He permits me to share parts of it.

 

I modified Henri's definitions of "mix" and "appears with" by adding the underlined phrase
about derivative works. These are now polite phrases instead of "ground beef" or "pee in a
pool":

 

Mix and create a derivative work: When MPL source is added to existing Apache 2.0 source (the
same file) and creates a derivative work such that the Apache 2.0 source must now be licensed
under MPL.

 

Appears with: When MPL source is place beside existing Apache 2.0 source files, such that
the Apache 2.0 source does not need to be licensed under the MPL.

 

You also have to create a derivative work. That is much rarer than you imagine. When you are
merely mixing FOSS code for functional convenience (into the same or different files) and
it has nothing to do with the copyrightable aspects of the works (e.g., DRM protection for
the binary, packaging it into one TAR file, making separate programs convenient to install),
then you have almost certainly not created a derivative work. That is not worth a $35 copyright
application fee since any competent programmer in the world can replace that easily without
infringement. For free. The only sour spot is that you are required by almost EVERY FOSS license
to post notices of what you have mixed. 

 

This is also why I believe that the GPL static linking doctrine is ridiculous.

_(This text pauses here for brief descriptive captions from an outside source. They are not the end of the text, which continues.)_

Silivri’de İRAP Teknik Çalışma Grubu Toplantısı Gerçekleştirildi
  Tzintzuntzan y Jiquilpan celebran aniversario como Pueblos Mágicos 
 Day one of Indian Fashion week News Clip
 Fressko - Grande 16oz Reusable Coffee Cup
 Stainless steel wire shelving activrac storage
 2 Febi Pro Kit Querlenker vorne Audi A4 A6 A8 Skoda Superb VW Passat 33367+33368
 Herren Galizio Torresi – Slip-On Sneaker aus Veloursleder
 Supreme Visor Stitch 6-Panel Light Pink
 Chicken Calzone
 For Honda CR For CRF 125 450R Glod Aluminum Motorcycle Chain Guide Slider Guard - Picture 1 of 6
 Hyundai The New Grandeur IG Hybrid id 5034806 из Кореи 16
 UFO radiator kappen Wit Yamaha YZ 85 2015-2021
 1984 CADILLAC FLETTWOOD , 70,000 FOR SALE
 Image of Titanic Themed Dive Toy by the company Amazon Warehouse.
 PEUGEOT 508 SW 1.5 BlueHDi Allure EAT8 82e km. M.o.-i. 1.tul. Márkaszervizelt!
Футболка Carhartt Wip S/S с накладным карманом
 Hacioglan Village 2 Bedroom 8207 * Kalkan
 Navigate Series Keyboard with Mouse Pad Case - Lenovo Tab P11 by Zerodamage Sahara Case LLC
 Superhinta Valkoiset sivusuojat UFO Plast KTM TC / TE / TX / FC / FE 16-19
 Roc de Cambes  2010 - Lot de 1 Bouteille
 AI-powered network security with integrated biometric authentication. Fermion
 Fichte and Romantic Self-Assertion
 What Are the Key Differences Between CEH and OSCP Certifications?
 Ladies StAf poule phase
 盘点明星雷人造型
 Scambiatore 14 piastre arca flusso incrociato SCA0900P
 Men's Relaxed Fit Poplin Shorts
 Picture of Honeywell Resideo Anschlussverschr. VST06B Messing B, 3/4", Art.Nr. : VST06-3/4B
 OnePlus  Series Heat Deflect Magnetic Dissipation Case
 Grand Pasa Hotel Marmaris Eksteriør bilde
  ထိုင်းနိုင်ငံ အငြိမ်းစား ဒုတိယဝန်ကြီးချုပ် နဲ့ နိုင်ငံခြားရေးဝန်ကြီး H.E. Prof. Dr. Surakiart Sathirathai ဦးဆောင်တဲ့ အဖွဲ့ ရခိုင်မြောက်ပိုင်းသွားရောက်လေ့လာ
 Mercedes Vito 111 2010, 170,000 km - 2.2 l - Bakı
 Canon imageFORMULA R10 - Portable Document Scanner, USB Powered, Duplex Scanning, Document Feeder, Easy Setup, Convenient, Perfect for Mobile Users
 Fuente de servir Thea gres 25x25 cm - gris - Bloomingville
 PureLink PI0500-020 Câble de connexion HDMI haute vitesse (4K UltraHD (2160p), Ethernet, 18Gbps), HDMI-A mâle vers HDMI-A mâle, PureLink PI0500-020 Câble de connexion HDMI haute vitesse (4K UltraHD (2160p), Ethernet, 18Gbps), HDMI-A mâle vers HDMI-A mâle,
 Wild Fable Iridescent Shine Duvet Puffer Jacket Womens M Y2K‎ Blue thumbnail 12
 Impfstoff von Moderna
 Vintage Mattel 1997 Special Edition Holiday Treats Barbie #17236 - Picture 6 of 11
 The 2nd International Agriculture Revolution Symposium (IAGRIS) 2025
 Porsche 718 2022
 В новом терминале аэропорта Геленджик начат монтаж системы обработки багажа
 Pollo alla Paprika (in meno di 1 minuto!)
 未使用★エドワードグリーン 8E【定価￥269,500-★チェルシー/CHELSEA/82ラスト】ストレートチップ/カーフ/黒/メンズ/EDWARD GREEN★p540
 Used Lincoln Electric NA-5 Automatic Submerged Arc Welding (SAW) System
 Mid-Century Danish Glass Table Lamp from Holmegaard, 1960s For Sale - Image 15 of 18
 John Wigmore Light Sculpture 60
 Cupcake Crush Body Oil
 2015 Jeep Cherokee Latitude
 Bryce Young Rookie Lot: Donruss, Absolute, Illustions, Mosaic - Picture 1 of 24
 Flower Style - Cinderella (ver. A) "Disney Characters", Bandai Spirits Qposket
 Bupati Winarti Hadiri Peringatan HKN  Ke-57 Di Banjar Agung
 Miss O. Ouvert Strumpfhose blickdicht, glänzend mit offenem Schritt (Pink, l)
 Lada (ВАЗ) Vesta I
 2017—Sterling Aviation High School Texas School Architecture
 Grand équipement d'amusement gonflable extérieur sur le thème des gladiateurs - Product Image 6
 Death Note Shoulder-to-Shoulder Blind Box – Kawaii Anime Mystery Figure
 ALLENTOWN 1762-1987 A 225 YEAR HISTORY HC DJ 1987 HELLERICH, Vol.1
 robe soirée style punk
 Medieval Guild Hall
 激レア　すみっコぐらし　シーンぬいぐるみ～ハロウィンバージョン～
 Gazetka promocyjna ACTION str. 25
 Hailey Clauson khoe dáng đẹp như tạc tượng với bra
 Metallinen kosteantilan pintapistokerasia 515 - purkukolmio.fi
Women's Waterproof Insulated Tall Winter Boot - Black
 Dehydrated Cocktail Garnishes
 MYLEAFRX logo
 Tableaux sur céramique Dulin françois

You also have
to create a derivative work!

 

The two paragraphs above ought to be reviewed and approved by real attorneys working for real
companies. I'm tired of talented programmers expounding otherwise on this legal issue. But
if correct, it makes the combining of FOSS software generally trivial.

 

It does mean that you may more often ask your lawyer the following question, "Am I creating
a derivative work?" rather than "Can I mix or appear with?" 

 

If we're prepared to mix MPL inside Apache code, such that it can't be reversed, I think Apache
should move to using MPL 2.0 as it's default license.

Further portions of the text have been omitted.